WORK REQUIRED: Nothing but the records, transcribed verbatim and stripped of images, should appear in the answer.

DATA SECTION START

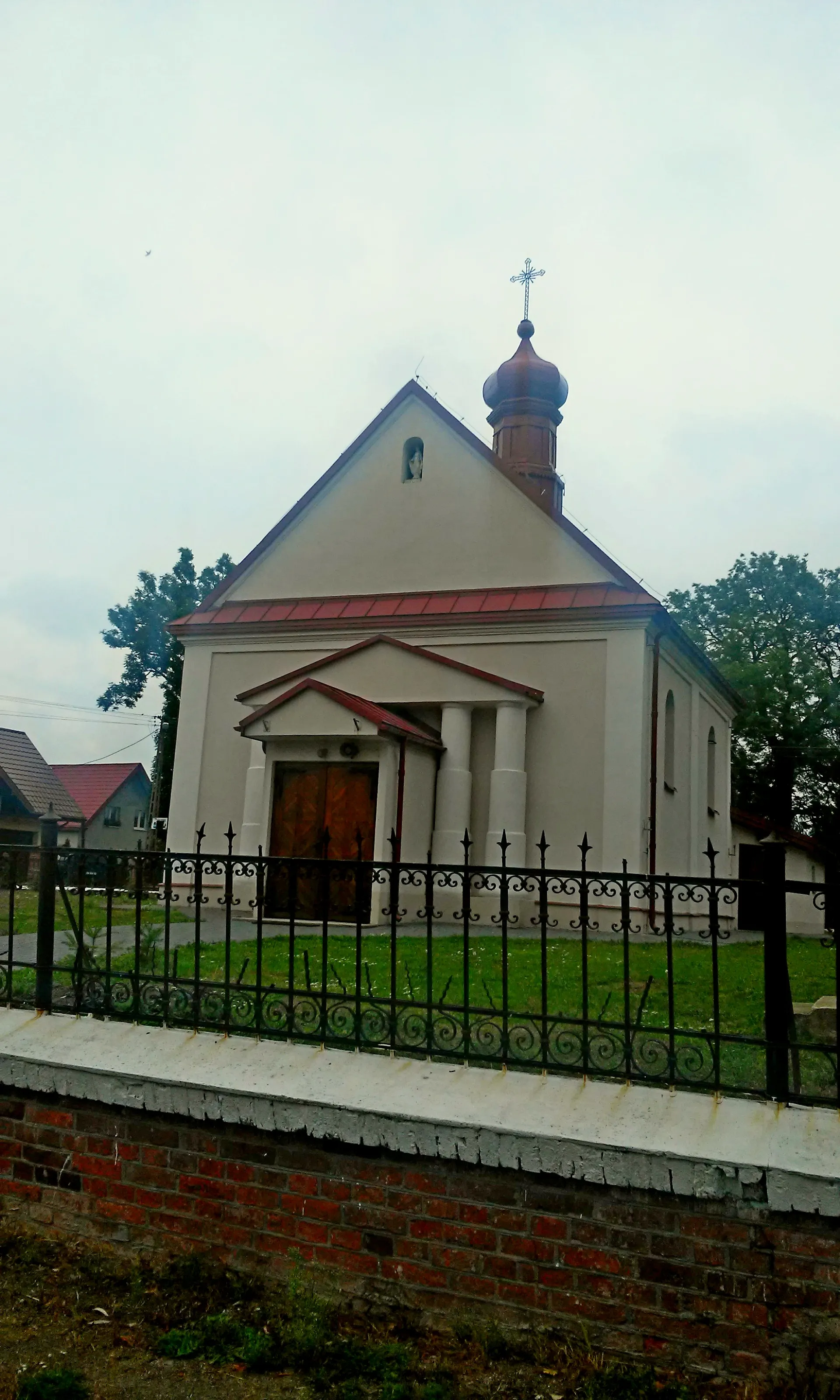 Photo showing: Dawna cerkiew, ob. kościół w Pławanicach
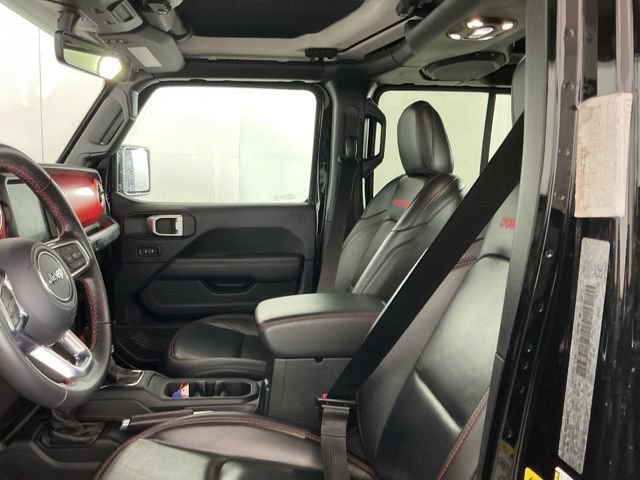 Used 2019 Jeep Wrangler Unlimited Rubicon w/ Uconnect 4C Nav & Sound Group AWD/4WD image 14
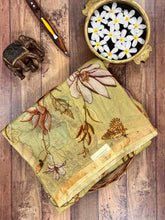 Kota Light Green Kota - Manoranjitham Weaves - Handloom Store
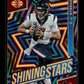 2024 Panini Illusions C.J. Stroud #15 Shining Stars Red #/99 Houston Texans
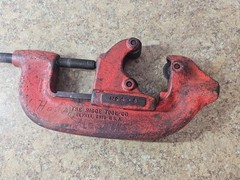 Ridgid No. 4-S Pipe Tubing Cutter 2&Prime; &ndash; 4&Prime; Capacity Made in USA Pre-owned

DATA SECTION END

REPLY:
 Photo showing: Dawna cerkiew, ob. kościół w Pławanicach
 Used 2019 Jeep Wrangler Unlimited Rubicon w/ Uconnect 4C Nav & Sound Group AWD/4WD image 14
 Kota Light Green Kota - Manoranjitham Weaves - Handloom Store
 2024 Panini Illusions C.J. Stroud #15 Shining Stars Red #/99 Houston Texans
 Ridgid No. 4-S Pipe Tubing Cutter 2&Prime; &ndash; 4&Prime; Capacity Made in USA Pre-owned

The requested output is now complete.